Clients and specifiers are increasingly demanding higher sustainability standards through increased levels of performance under BREEAM and Code for Sustainable Homes. Carbon neutral construction is also being mooted and whic women's jackets h is scheduled to be adopted in Wales by 2012. One of the single most important criteria in these higher standards is thermal insulation.
50% of all CO2 emissions in UK is due to heat loss from buildings, whether commercial offices or housing. Windows are the weakest point of insulation in all buildings, accounting for over 25% of that heat loss, a prodigious proportion of the total UK carbon footprint.
The weakest point in the insulation performance of a window is not the glass but the frame that holds it. So a well insulated double or triple glazed unit can be let down by using poorly insulated window frames that allow heat to escape around the glass, more easily.

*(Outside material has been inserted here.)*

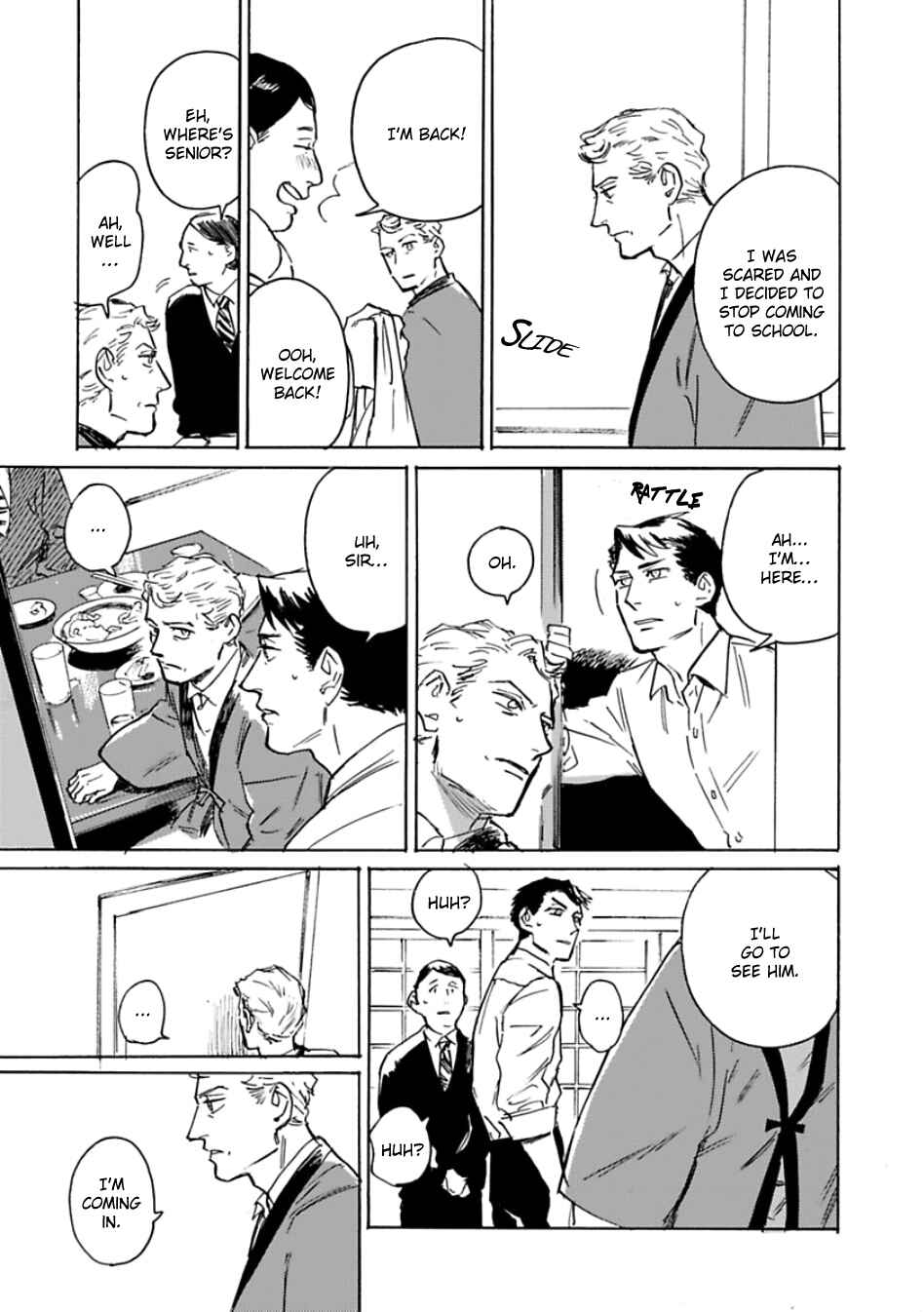 Page 28 Chapter 6 Ai, Sei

non housing projects requiring thermal U values of less than 1.6 are increasing - and the dominant incumbent supplier, aluminium, cannot generally achieve better than about 1.8. Building projects often specify lower U values down to 1.0 and on which aluminium has had to be completely discounted. Fibreglass has inherently low thermal conductance and can therefore provide U values as low as 0.9 and still without compromising the other performance criteria of aluminium.
Pultruded Fibreglass is a strong and durable alternative, which has many beneficial properties (detailed below) - but one of them, critically, is very low thermal conductance, which means it can provide exceptionally low U values for windows, from 0.9 - 1.6 W/m2K. So, it is with ideal timing that this 'new' material has become available for window frame manufacture, when it is most needed - but many industry professionals remain unaware of it.
Fibreglass (or GRP, or 'Composite Material') is a Fibre Reinforced Polymer (FRP) which is strongly recommended by BRE for heavy duty external applications within the building industry. BRE set up 'NGCC' (Network Group for Composites in Construction) in 2001, solely to promote the benefits of FRP to the entire industry. Fibreglass windows are available which are fully certified by BRE and have considerable independent support test data and accreditation.
"Pultrusion" is a manufacturing process for producing continuous lengths of glass fibre reinforced thermosetting resin, developed for window frame manufacture in North America in 1980s/90s. Windows made with fibreglass frames have been proved to provide much lower U values than other materials for any given glass specification (0.9 - 1.6 W/m2K). Fibreglass also provides longer life (50 - 75 years), better acoustic performance (Rw 38 - 41) and can potentially achieve 3.5 additional credits in an assessment for BREEAM or Code for Sustainable Homes.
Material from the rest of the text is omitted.